#### What you should do
All entries below are to be duplicated verbatim.

Segment Start: Data to use

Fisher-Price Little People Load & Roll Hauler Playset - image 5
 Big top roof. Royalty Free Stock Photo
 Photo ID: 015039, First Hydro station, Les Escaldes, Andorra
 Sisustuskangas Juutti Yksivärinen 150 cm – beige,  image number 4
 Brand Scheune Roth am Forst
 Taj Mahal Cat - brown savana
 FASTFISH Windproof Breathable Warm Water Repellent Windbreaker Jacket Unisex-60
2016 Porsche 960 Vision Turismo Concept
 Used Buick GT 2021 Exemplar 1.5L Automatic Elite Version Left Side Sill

Segment End: Data to use

#### Exercise solution
Fisher-Price Little People Load & Roll Hauler Playset - image 5
 Big top roof. Royalty Free Stock Photo
 Photo ID: 015039, First Hydro station, Les Escaldes, Andorra
 Sisustuskangas Juutti Yksivärinen 150 cm – beige,  image number 4
 Brand Scheune Roth am Forst
 Taj Mahal Cat - brown savana
 FASTFISH Windproof Breathable Warm Water Repellent Windbreaker Jacket Unisex-60
2016 Porsche 960 Vision Turismo Concept
 Used Buick GT 2021 Exemplar 1.5L Automatic Elite Version Left Side Sill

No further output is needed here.